Ao ler este relato angustiante, não pude deixar de sentir um profundo sentimento de tristeza e descrença diante da violência sem sentido que se desenrolou em Beslan em 1º de setembro de 2004. Tendo passado muitos anos trabalhando como educador, a ideia de uma escola ser transformado em um campo de batalha é inimaginável.


As ações dos extremistas islâmicos, destinadas a pressionar Moscovo e a intensificar os conflitos étnicos no Cáucaso, culminaram na captura de uma escola e na detenção de mais de mil indivíduos como reféns.

O passado da Rússia é marcado por uma série prolongada e angustiante de incidentes terroristas. Desde assassinatos políticos no século XIX até ataques isolados na década de 1980, o país enfrentou uma grande variedade de atrocidades. No entanto, os actos mais hediondos foram perpetrados no final dos anos 90 e no início dos anos 2000 por extremistas islâmicos. Entre estes, o cerco à escola em Beslan, ocorrido em Setembro de 2004, continua a ser um dos incidentes terroristas mais devastadores da história da Rússia.

O artigo conta uma história em três atos que ainda deixa muitos russos perplexos 20 anos depois.

Política, Separatismo, Guerra e Jihad

Em 1991, enquanto a União Soviética se dissolvia, a Chechénia – uma região no sul da Rússia com aproximadamente um milhão de habitantes – proclamou inesperadamente a independência. Inicialmente buscando o autogoverno, esse movimento logo se transformou em violência étnica contra a comunidade russa local e em lutas pelo poder entre os chechenos que se opunham ao novo governo. Em 1994, a Rússia respondeu militarmente à agitação na região, levando a uma guerra que persistiu até 1996, quando ambas as partes concordaram com uma trégua e as forças russas se retiraram. O conflito tornou-se gradualmente mais violento, atingindo um ponto crítico quando o líder rebelde checheno Shamil Basayev tomou um hospital em Budyonnovsk, capturando numerosos reféns.

No entanto, a trégua não durou muito.

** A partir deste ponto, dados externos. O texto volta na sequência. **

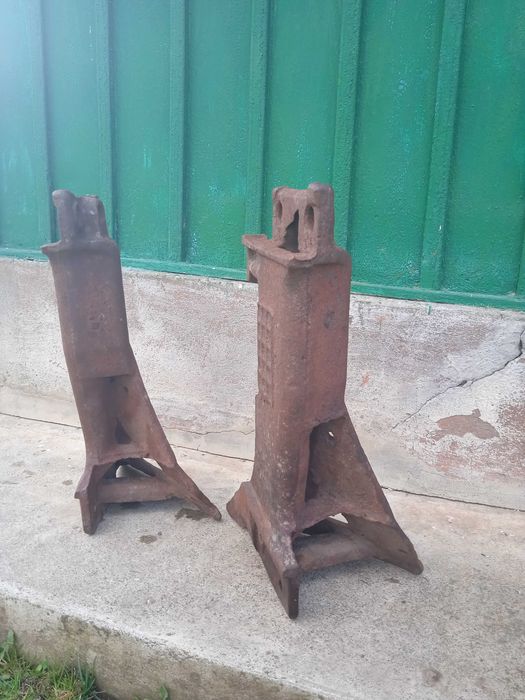 Плуг ПН 1 -35. Б/У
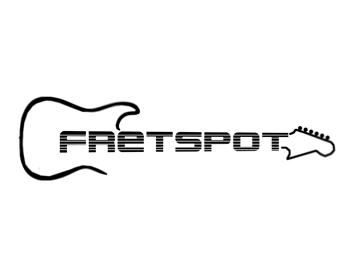 Logo Design entry 166802 submitted by Godric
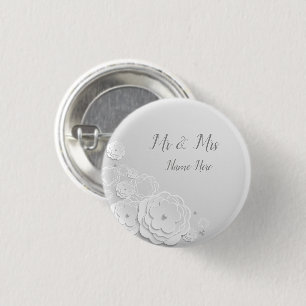 Personalisiert Button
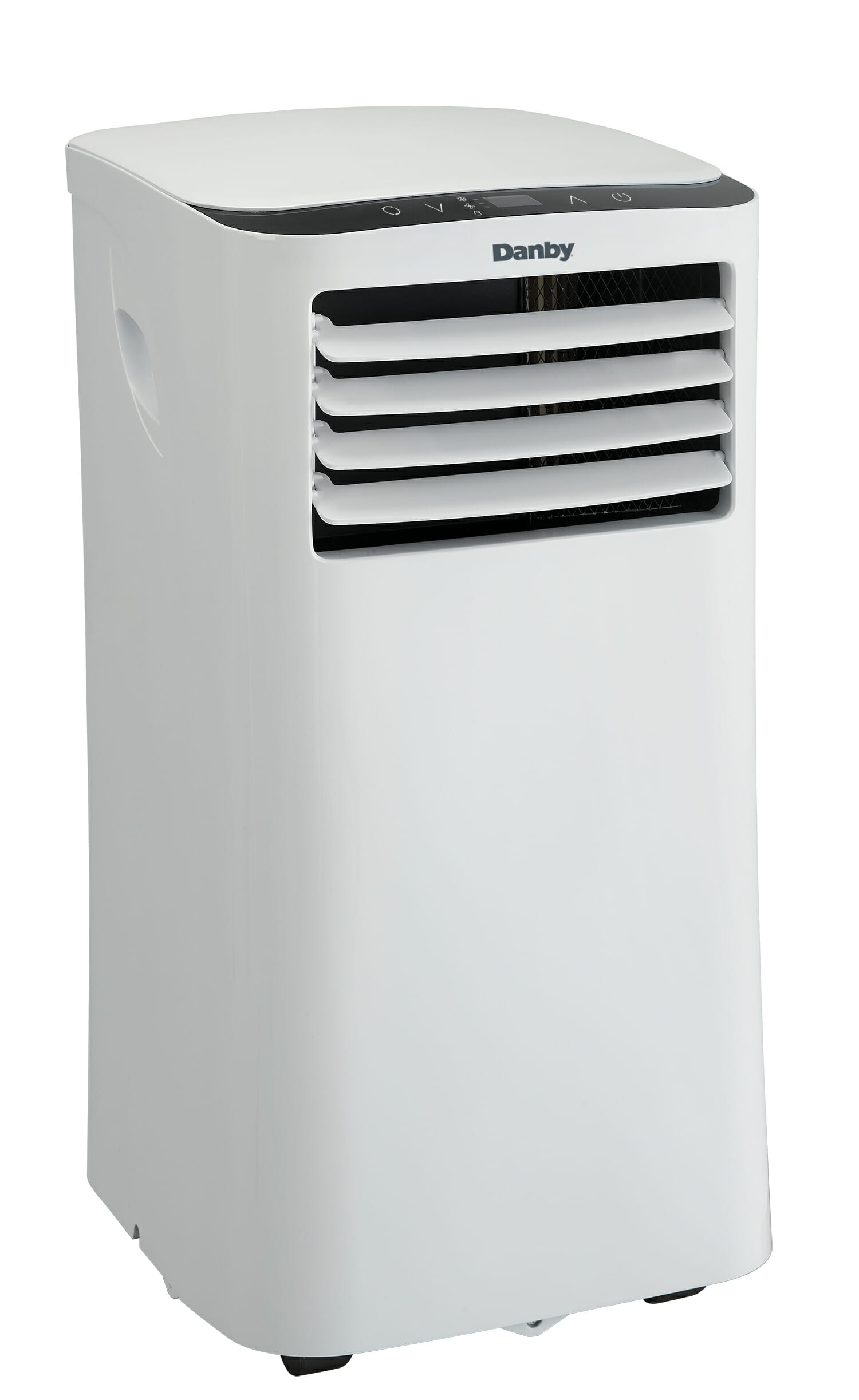 10000 Btu 7000 Sacc 3-in-1 Portable Air Conditioner DPA070B4WDB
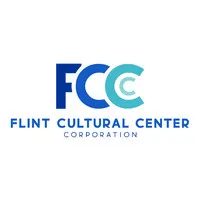 Flint Cultural Center Corporation Flint Cultural Center Corporation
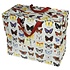 Rex London Jumbo bag Butterfly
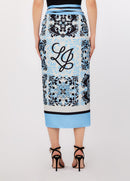  2A6047 T2745P9224 Liu Jo Soft Accessori 1 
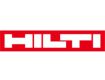 Hilti South Africa (Pty) Ltd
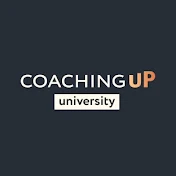 coachingUP.university
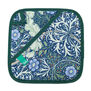 V&A Seaweed potholder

Inicialmente, o conflito centrou-se principalmente no nacionalismo checheno e na busca da república pelo autogoverno até 1996. Mas rapidamente atraiu a atenção internacional devido à sua associação com grupos terroristas globais como a Al-Qaeda. Em 1999, a guerra foi reacendida, desta vez sob a égide da jihad global. Basayev e o combatente jihadista árabe Khattab lançaram uma invasão na república vizinha do Daguestão, onde encontraram forte resistência das milícias locais e do exército russo. A incursão acabou fracassando, resultando no retorno das forças russas à Chechênia mais uma vez.

A partir de 1999, teve início um conflito prolongado e intenso, conhecido como guerra de guerrilha. As tropas russas encontraram perdas estratégicas, mas acabaram por cansar as unidades islâmicas. Basayev emergiu como um comandante rebelde proeminente e recorreu a antigas táticas terroristas. Em 2002, um teatro de Moscou foi filmado durante uma apresentação ao vivo. Dos 44 terroristas envolvidos no cerco, mais de metade eram mulheres-bomba armadas com coletes explosivos. A missão de resgate de reféns revelou-se difícil, resultando na morte de 129 dos 916 reféns. Ao contrário de Budyonnovsk, os perpetradores foram subjugados neste caso.

Os terroristas atacaram persistentemente civis russos, planeando e executando ataques terroristas e suicidas em áreas públicas, mas não conseguiram concretizar o seu objectivo de paralisar a sociedade russa. Em vez disso, as suas acções desencadearam um aumento no apoio a uma acção firme. Eventualmente, Basayev concluiu que um ataque massivo era necessário para mudar o curso da guerra. Vale a pena mencionar que não foi Basayev, mas sim Aslan Maskhadov quem serviu como presidente legítimo da Chechénia e representou a república na cena internacional.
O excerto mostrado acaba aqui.